_Provided entries_
= Beginning of Section =

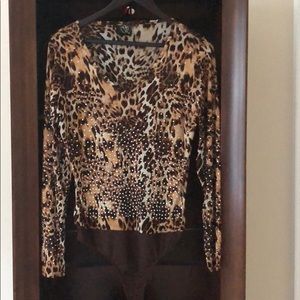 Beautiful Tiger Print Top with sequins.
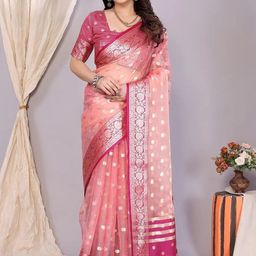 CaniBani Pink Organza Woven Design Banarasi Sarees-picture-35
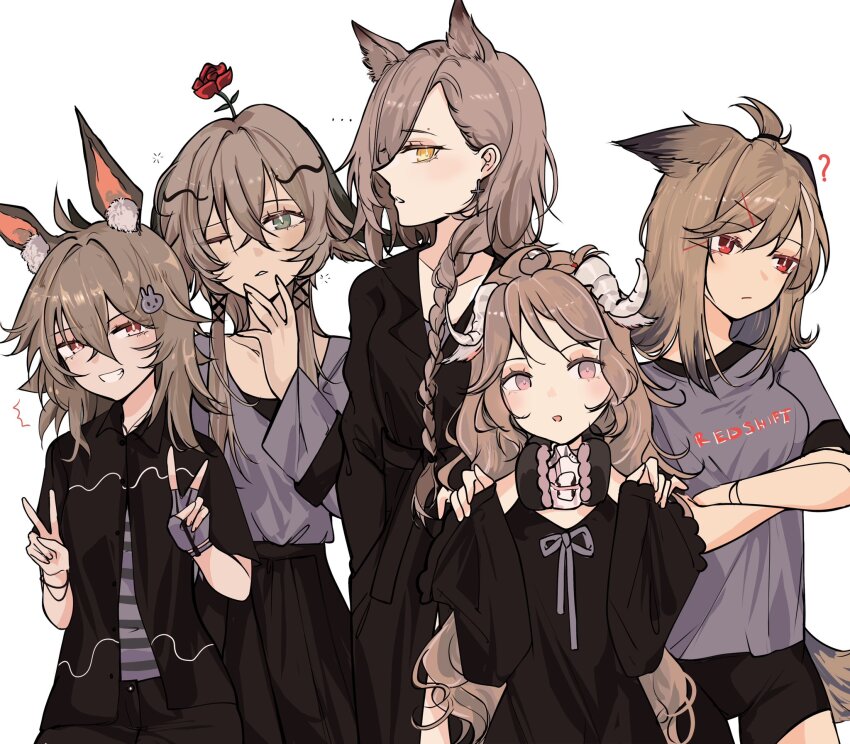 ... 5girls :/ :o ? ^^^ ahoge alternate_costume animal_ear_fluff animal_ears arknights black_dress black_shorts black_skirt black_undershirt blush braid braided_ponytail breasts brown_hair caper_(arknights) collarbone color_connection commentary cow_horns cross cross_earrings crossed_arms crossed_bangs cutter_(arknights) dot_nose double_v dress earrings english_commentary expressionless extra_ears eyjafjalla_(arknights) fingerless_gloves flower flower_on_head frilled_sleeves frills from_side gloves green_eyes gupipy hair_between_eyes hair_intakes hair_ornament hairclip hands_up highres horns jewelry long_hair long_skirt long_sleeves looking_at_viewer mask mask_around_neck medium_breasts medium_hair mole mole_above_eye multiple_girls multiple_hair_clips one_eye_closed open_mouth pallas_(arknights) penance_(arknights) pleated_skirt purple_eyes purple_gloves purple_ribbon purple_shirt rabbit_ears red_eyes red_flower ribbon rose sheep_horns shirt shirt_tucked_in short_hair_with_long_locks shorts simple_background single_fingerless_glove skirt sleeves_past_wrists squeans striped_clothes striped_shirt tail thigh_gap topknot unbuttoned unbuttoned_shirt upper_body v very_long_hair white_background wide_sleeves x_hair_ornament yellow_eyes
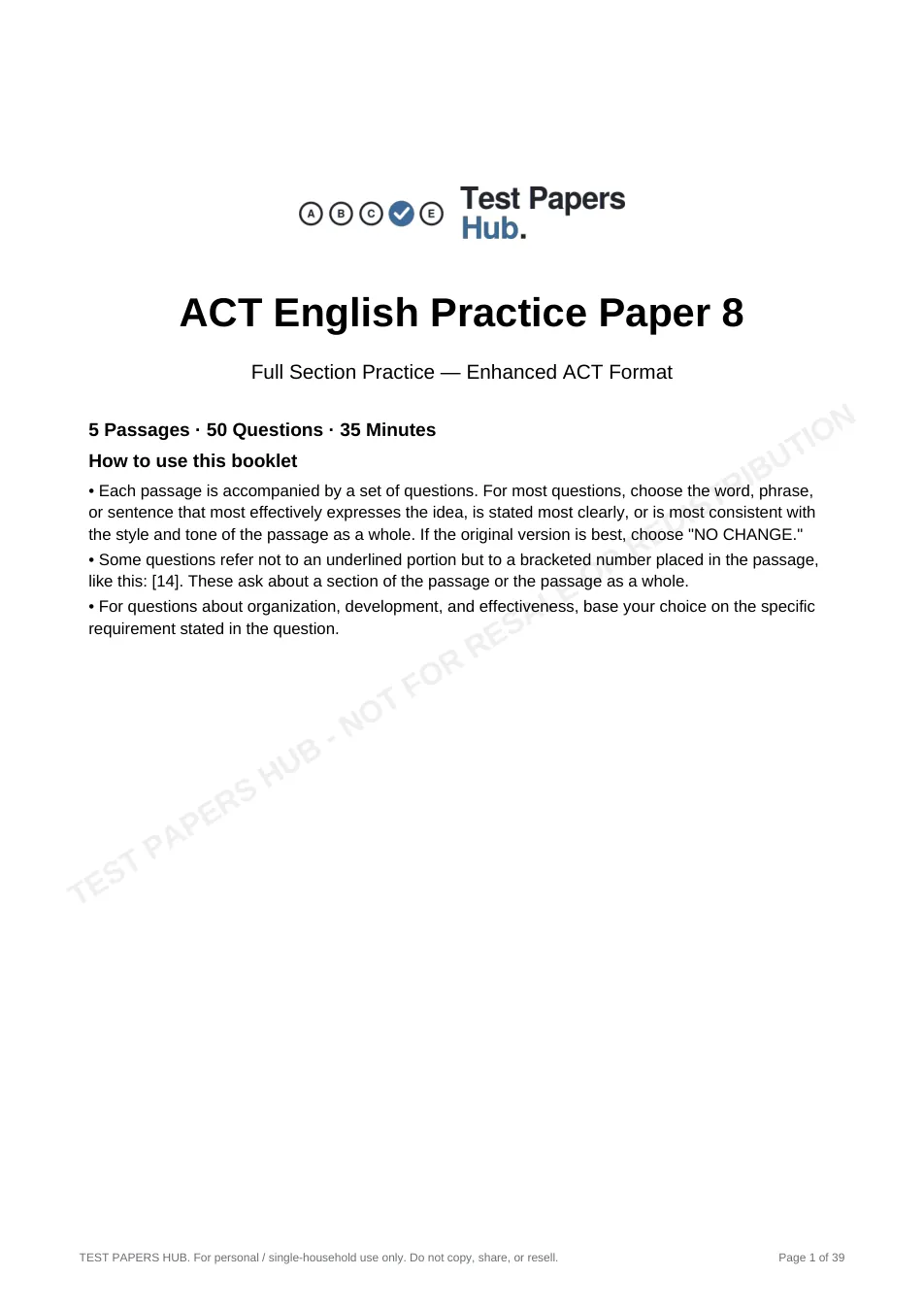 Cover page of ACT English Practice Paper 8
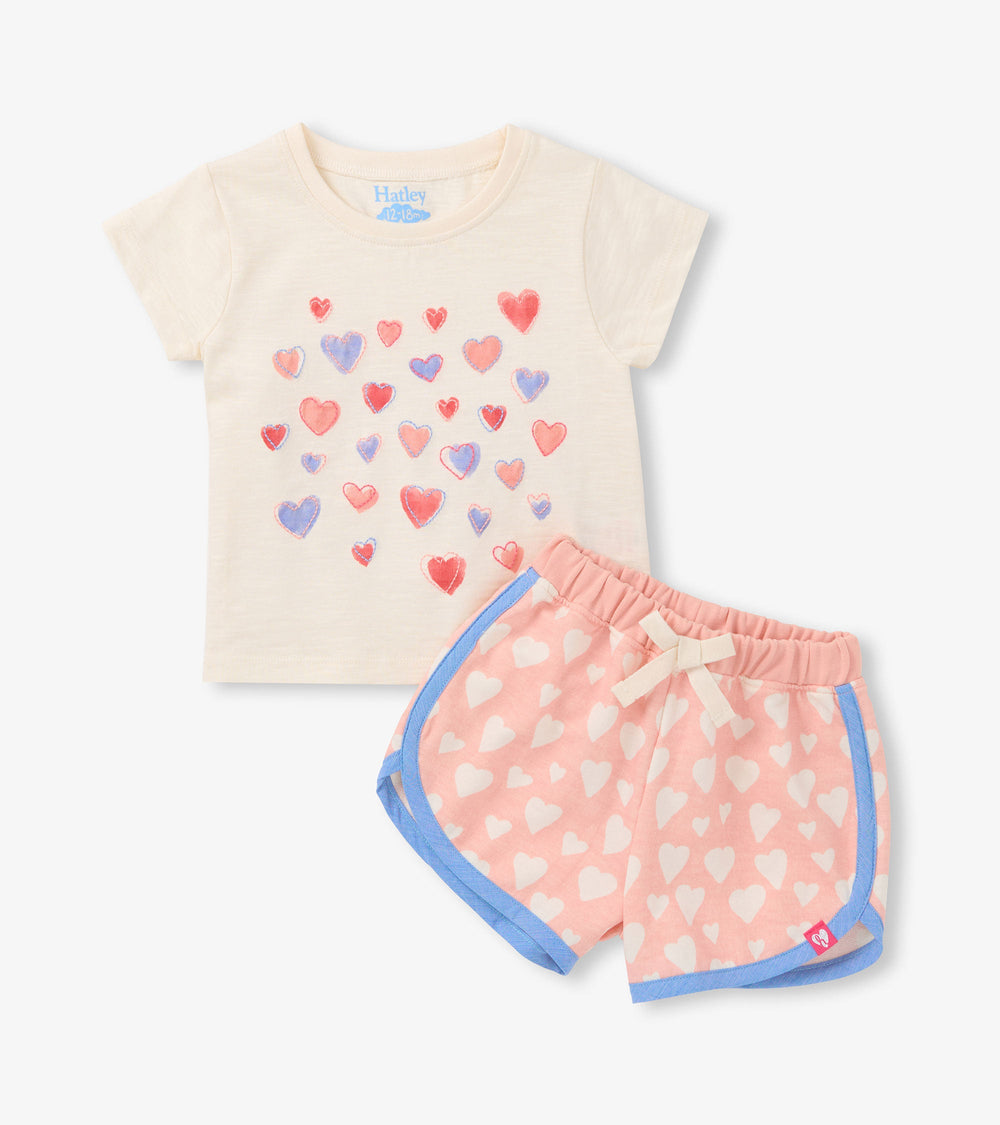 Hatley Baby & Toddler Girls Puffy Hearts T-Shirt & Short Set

= End of Section =
= Beginning of Section =

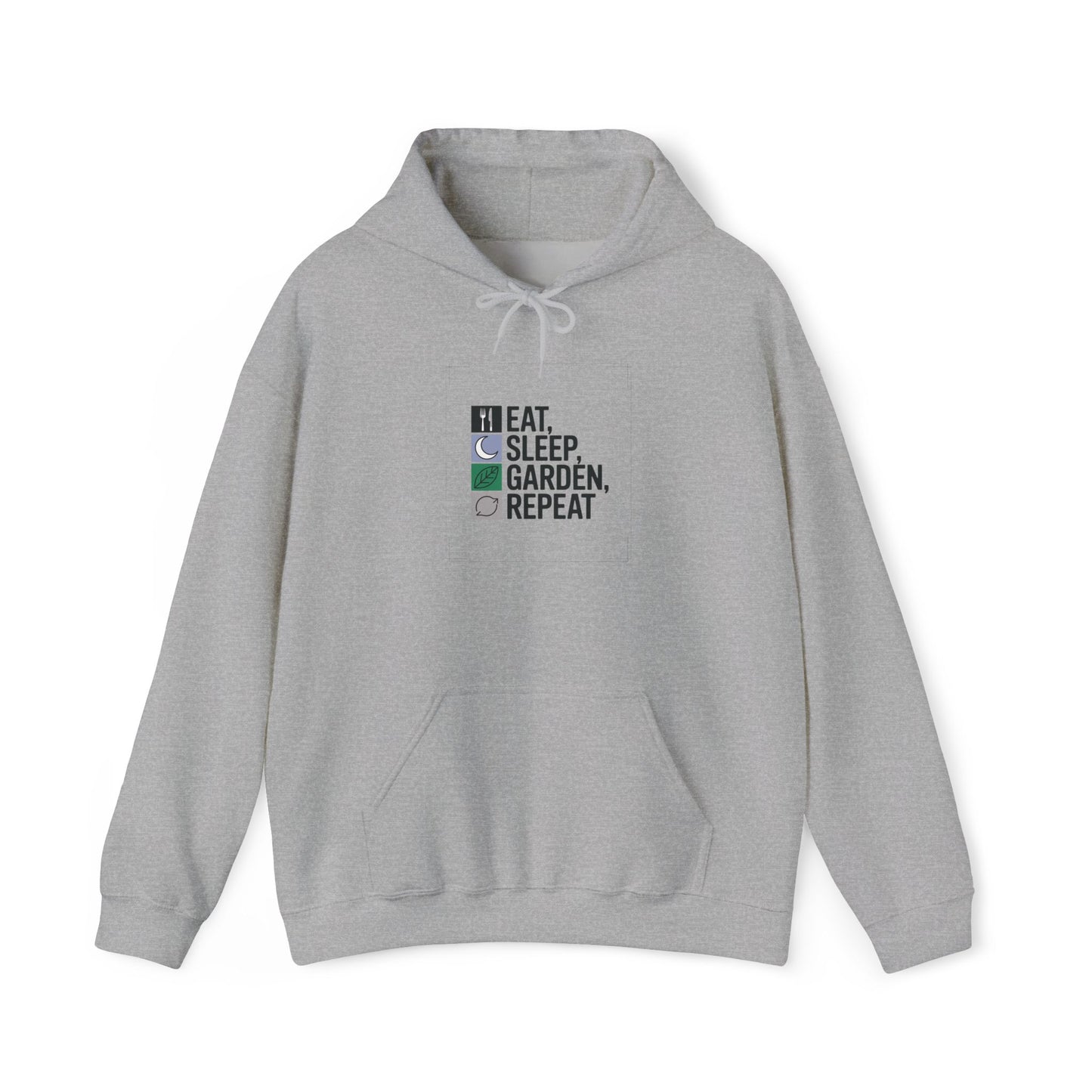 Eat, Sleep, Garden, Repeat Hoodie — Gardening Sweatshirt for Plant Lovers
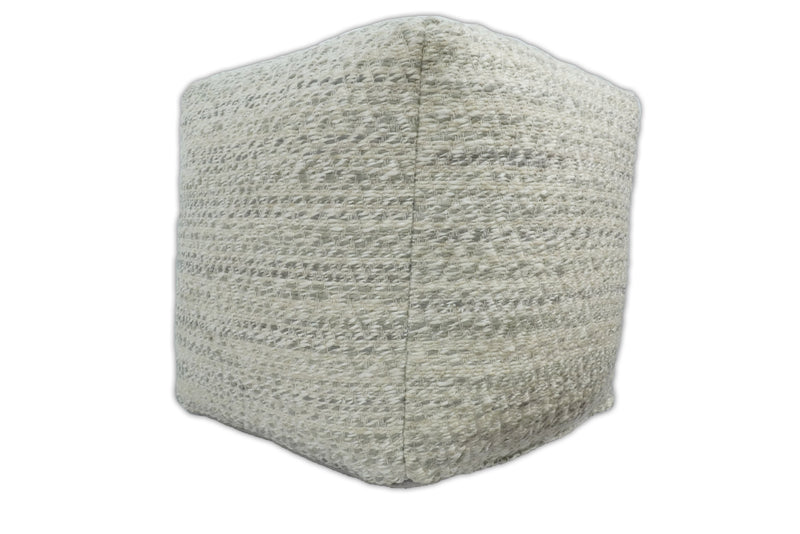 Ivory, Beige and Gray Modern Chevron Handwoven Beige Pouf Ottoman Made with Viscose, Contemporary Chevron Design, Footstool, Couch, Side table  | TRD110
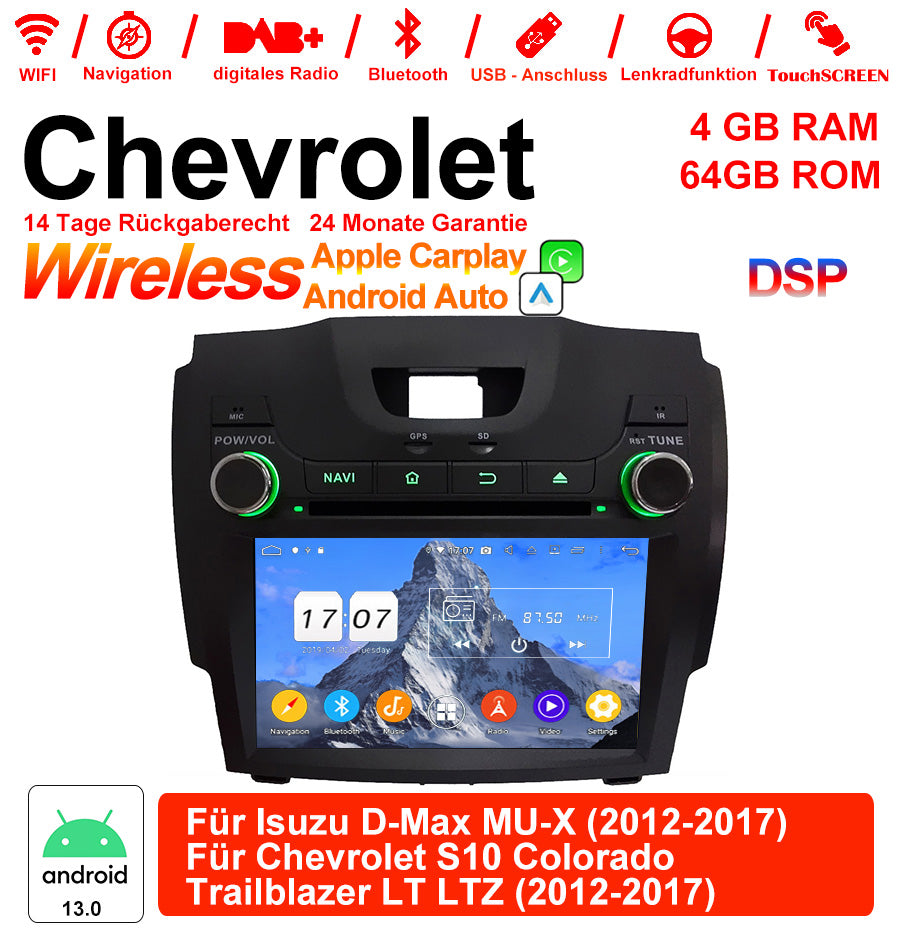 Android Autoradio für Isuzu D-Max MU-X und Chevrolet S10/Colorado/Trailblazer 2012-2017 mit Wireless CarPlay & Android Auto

= End of Section =

_Your instructions_
Your copy should hold only the lines above from the one containing "Ivory, Beige and" through the one containing "Android Autoradio für", exactly as written and free of pictures.

_Task response_
 Ivory, Beige and Gray Modern Chevron Handwoven Beige Pouf Ottoman Made with Viscose, Contemporary Chevron Design, Footstool, Couch, Side table  | TRD110
 Android Autoradio für Isuzu D-Max MU-X und Chevrolet S10/Colorado/Trailblazer 2012-2017 mit Wireless CarPlay & Android Auto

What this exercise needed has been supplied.